The Court’s Decision
An important point to be made is that sometimes lawsuits are dismissed for technical reasons, not because the case is not valid. A Plaintiff must generally claim all the elements of a cause of action to show entitlement to relief. When the pleadings are deficient, the Court may dismiss the claims. Dismissal under those circumstances is often done in a manner that allows the Plaintiff to correct the procedural issues and file the corrected pleading. That was the case here for some of the claims, the other claims, except for the Unfair Competition claim, were permanently dismissed.
The Wiretap Claim: This claim was dismissed. The Wiretap Act defines “contents” as “including any information concerning the substance, purport, or meaning of that communication.” 18 U.S.C. § 2510(8). ” ‘[C]ontents’ refers to the intended message conveyed by the communication, and does not include record information regarding the characteristics of the message that is generated in the course of the communication.” In re Zynga Privacy Litig. , 750 F.3d 1098, 1106 (9th Cir. 2014). Record information includes the “name,” “address,” and “subscriber number or identity” of a subscriber or customer. Id. (citing 18 U.S.C. § 2702©(2) ). For example, data about a telephone call, including the number from which it was made, the time it was made, the number called, and the length of the call does not fall within the Wiretap Act because it is not the content of the communication, it is data about the communication. According to the Court, simply opening a webpage or mobile application is not a communication with content. Since there was no “content,” the claim was dismissed. Further the Court ruled that Plaintiff not alleged and cannot allege that Uber “intercepted” the “contents” of a communication.
The Stored Communications Act Claim: The SCA claim was also dismissed. The Court found that Plaintiff’s SCA claim fails because he has not alleged facts that plausibly suggest that the communications were in “electronic storage,” meaning that the communications were temporary or were in storage for the purpose of back-up protection. Here, Plaintiff alleged that Lyft’s and Uber’s systems store the location of every driver, whether on duty or off duty, every few seconds and that neither Uber nor Lyft ever delete the geolocation data they collect from drivers. Given that this information is never deleted, the communications at issue are not stored temporarily and therefore do not fall under section (A). The Court found that section (B) of the SCA also did not apply because Plaintiff did not plead that the communications Lyft stores on its servers is backup information.
The California State Law Claims: These claims were the victims of what appears to be poor drafting.
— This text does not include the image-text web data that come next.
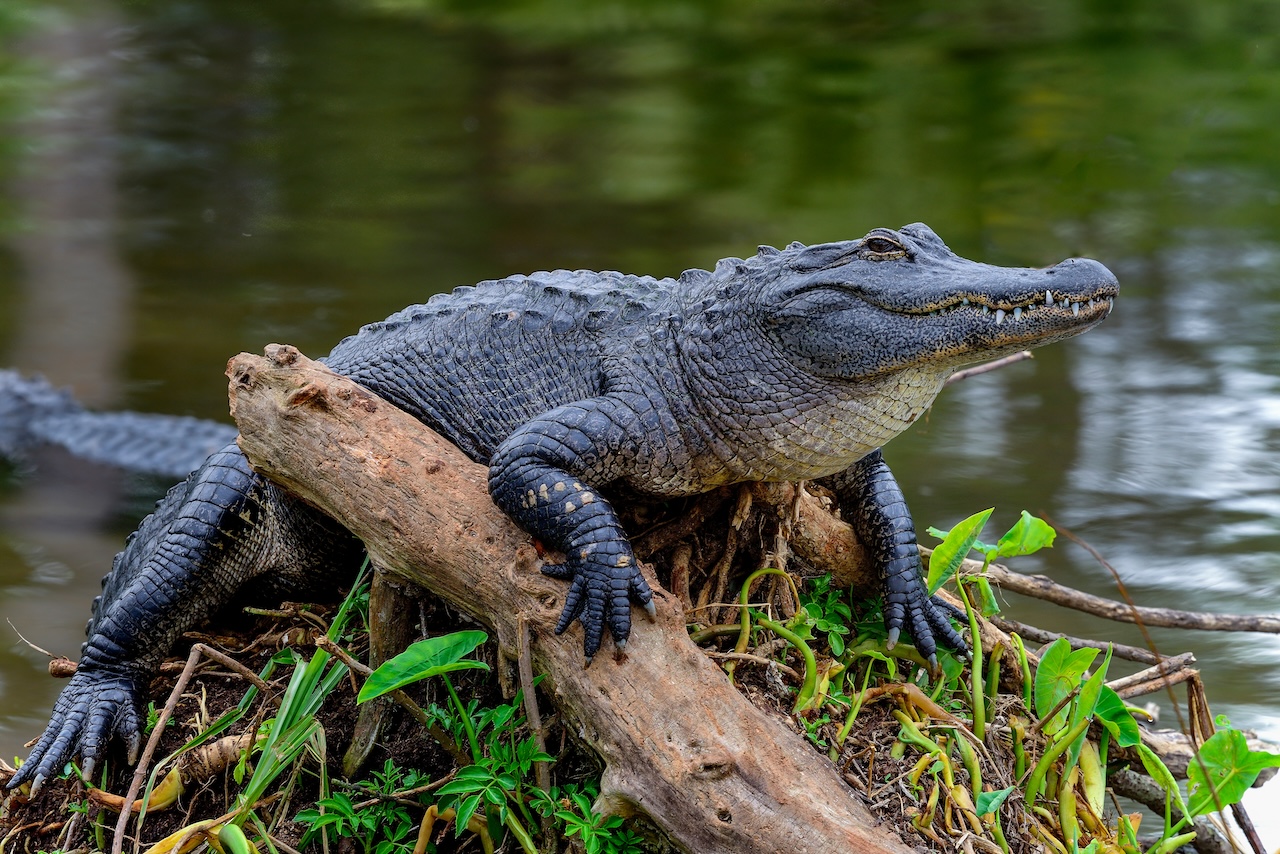 An American alligator sits on a tree branch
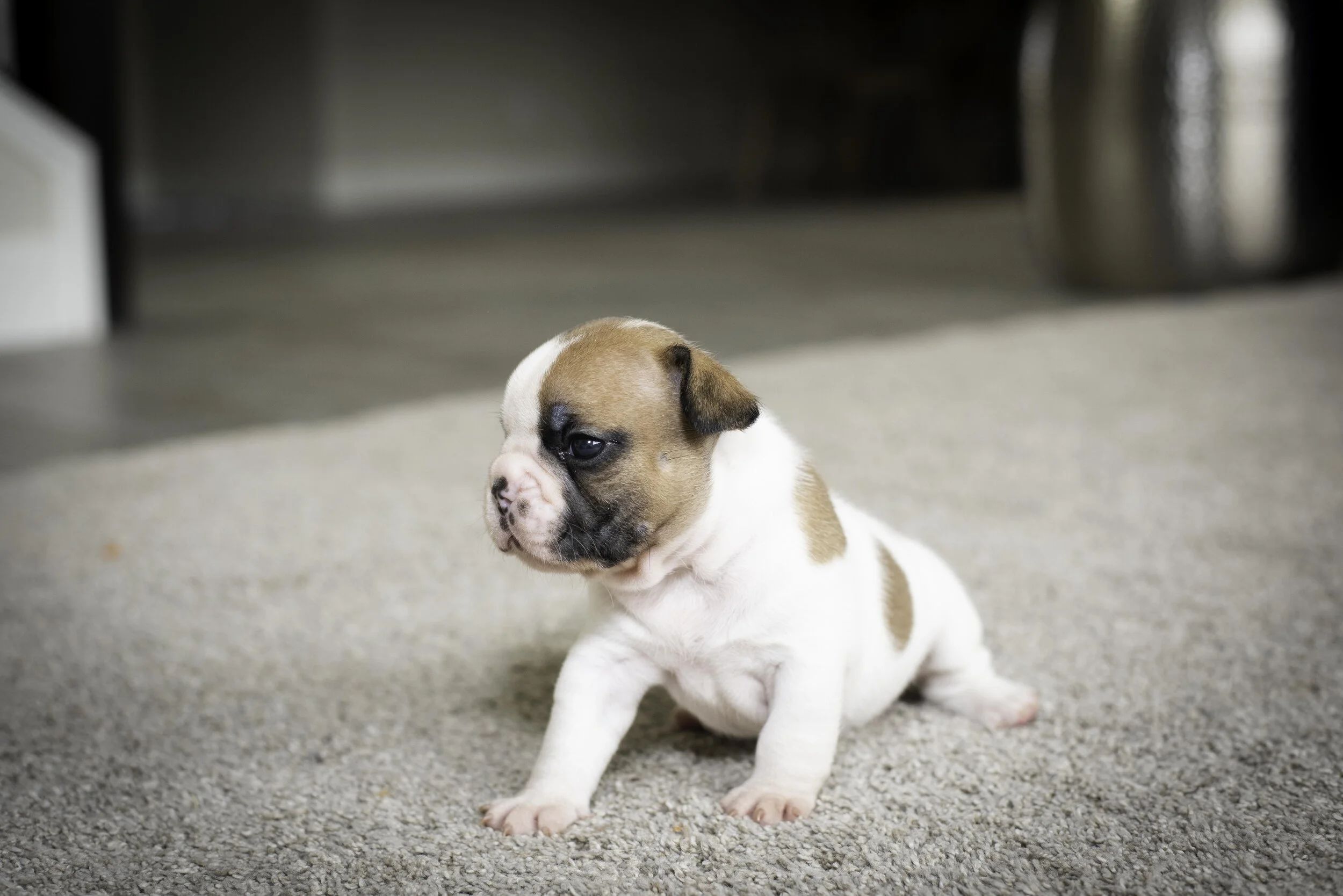 frenchie jan 17 2020 web-39.jpg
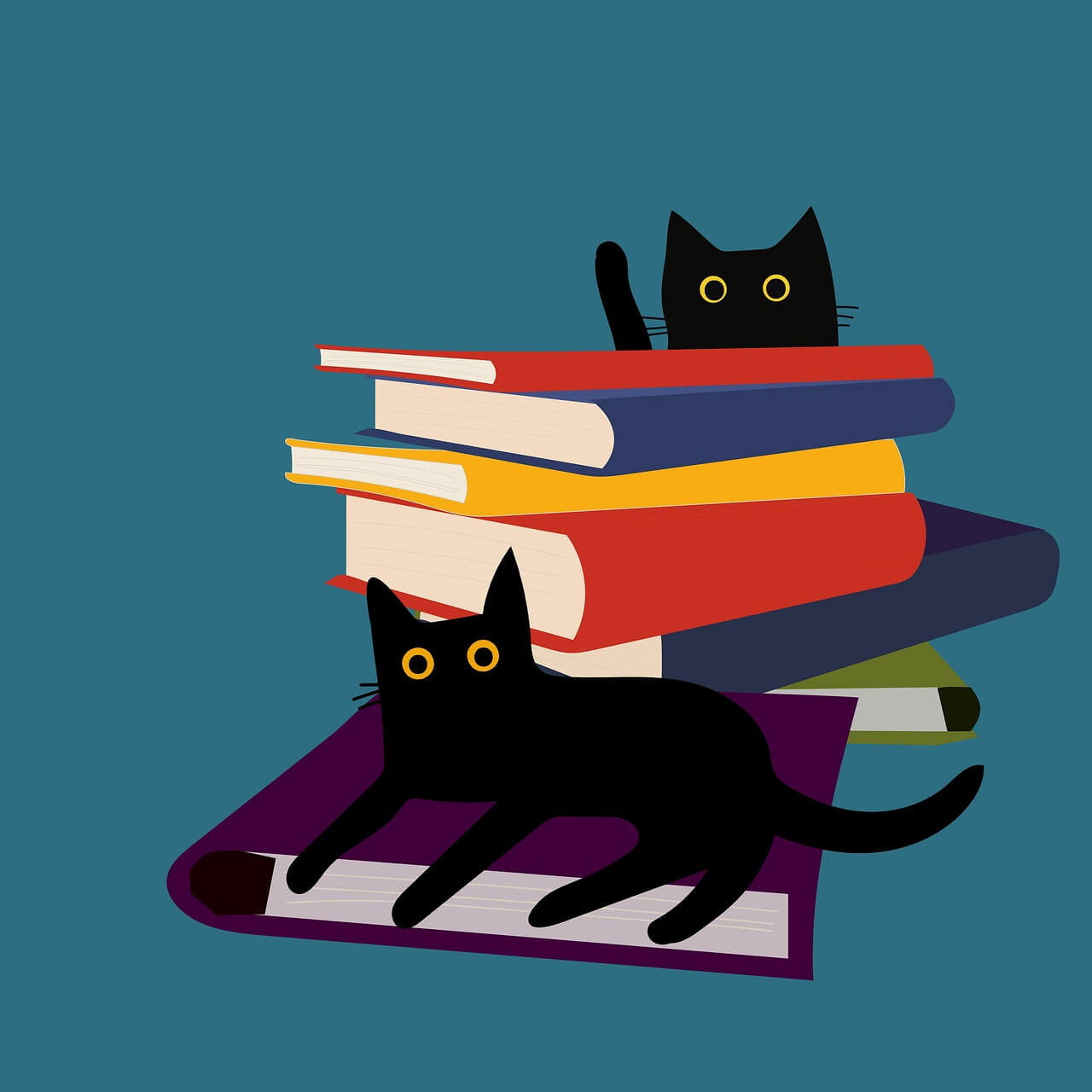 양산 반려묘 고양이 동반 독립서점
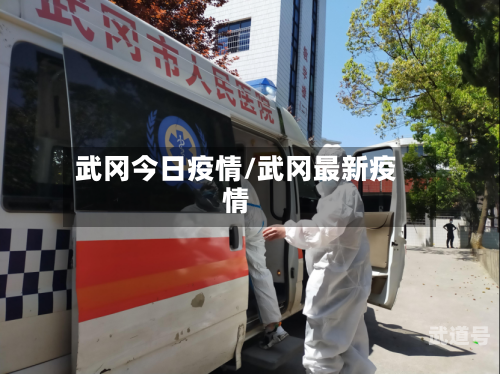 武冈今日疫情/武冈最新疫情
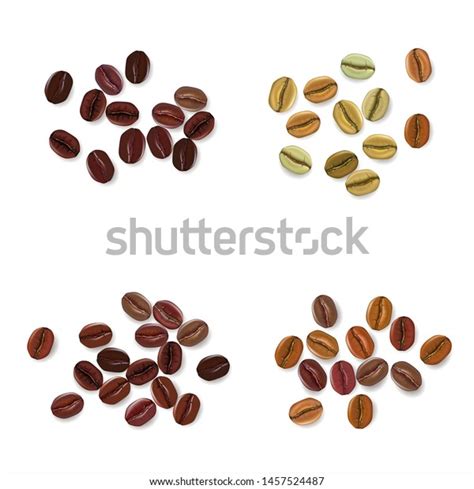 Coffee Beans Realistic Set Showing Various Stock Vector Royalty Free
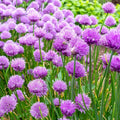 Bulk Wild Chive Seeds, Allium Schoenoprasum AL401C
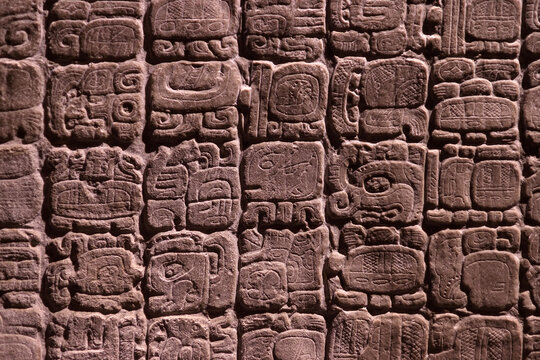 The National Museum of Anthropology in Mexico City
The Court refers to the claims as a recitation of “boilerplate” claims without sufficient supporting facts. For example, for the invasion of privacy claim, the Court noted that “Plaintiff’s reference to his allegation that Uber obtained the names of Lyft’s customers is puzzling as he does not explain how that translates into a serious invasion of Plaintiff’s right to privacy.” In other words, the Court did not hold that Uber’s actions were not invasion of privacy, just that the Plaintiff did not properly draft the lawsuit.